Maxcand® (Lyophilisate) Instructions for Use
Marketing Authorization Holder
Dr. Reddy’s Laboratories Ltd. (India)
Manufactured By
Gland Pharma, Limited (India)
ATC Code
J02AX04 (Caspofungin)
Active Substance
Caspofungin (Rec.INN registered by WHO)
Dosage Forms
 |
Maxcand® | Lyophilisate for preparation of concentrate for solution for infusion 50 mg: vial 1 pc. |
| Lyophilisate for preparation of concentrate for solution for infusion 70 mg: vial 1 pc. |
Dosage Form, Packaging, and Composition
Lyophilisate for preparation of concentrate for solution for infusion white in color, in the form of a lyophilisate or lyophilized mass; reconstituted solution is clear, colorless.
| 1 vial | |
| Caspofungin acetate | 55.5 mg, |
| Equivalent to caspofungin content | 50 mg |
Excipients : mannitol – 26 mg, sucrose – 39 mg, glacial acetic acid – 2 mg, sodium hydroxide – q.s. for pH adjustment*, glacial acetic acid – q.s. for pH adjustment*.
* target pH range 5.8-6.2
Colorless glass vials (type I) (1) – cardboard packs.

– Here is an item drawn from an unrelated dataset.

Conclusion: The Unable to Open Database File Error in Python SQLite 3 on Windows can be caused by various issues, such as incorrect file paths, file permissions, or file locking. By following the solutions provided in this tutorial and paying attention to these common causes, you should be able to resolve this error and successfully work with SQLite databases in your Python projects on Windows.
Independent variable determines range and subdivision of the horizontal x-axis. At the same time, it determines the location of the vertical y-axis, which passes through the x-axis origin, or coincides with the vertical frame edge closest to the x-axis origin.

Lyophilisate for preparation of concentrate for solution for infusion white in color, in the form of a lyophilisate or lyophilized mass; reconstituted solution is clear, colorless.
| 1 vial | |
| Caspofungin acetate | 77.7 mg, |
| Equivalent to caspofungin content | 70 mg |
Excipients : mannitol – 36 mg, sucrose – 54 mg, glacial acetic acid – 2.7 mg, sodium hydroxide – q.s. for pH adjustment*, glacial acetic acid – q.s. for pH adjustment*.
* target pH range 5.8-6.2
Colorless glass vials (type I) (1) – cardboard packs.
Clinical-Pharmacological Group
Antifungal drug
Pharmacotherapeutic Group
Antifungal agent
Pharmacological Action
Antifungal agent for systemic use. It is a semi-synthetic lipopeptide compound (echinocandin) synthesized from a fermentation product of Glarea lozoyensis. Caspofungin inhibits the synthesis of β-(1,3)-D-glucan, an essential component of the cell wall of many hyphomycetes and yeasts.

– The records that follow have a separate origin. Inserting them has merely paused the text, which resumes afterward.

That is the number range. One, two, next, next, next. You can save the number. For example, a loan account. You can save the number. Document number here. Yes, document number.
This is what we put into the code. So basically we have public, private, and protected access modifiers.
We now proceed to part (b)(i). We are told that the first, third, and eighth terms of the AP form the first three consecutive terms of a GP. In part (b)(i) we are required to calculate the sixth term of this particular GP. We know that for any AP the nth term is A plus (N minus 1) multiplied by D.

In vitro, Caspofungin is active against various pathogenic fungi of the genus Aspergillus (including Aspergillus fumigatus, Aspergillus flavus, Aspergillus niger, Aspergillus nidulans, Aspergillus terreus and Aspergillus candidus) and Candida (including Candida albicans, Candida dubliniensis, Candida glabrata, Candida guilliermondii, Candida kefyr, Candida krusei, Candida lipolytica, Candida lusitaniae, Candida parapsilosis, Candida rugosa and Candida tropicalis).
In vivo activity of caspofungin was detected upon parenteral administration to immunocompetent and immunocompromised animals infected with Aspergillus and Candida. The use of caspofungin in these cases contributes to an increase in the lifespan of infected animals (Aspergillus and Candida) and eradication of pathogenic fungi (Candida) in affected organs. Caspofungin is also active in immunocompromised animals infected with Candida glabrata, Candida krusei, Candida lusitaniae, Candida parapsilosis, Candida tropicalis, achieving eradication of pathogenic fungi (Candida) in affected organs. Caspofungin exhibits high activity in the prevention and treatment of pulmonary aspergillosis, as detected in studies on models of lethal pulmonary infections in vivo.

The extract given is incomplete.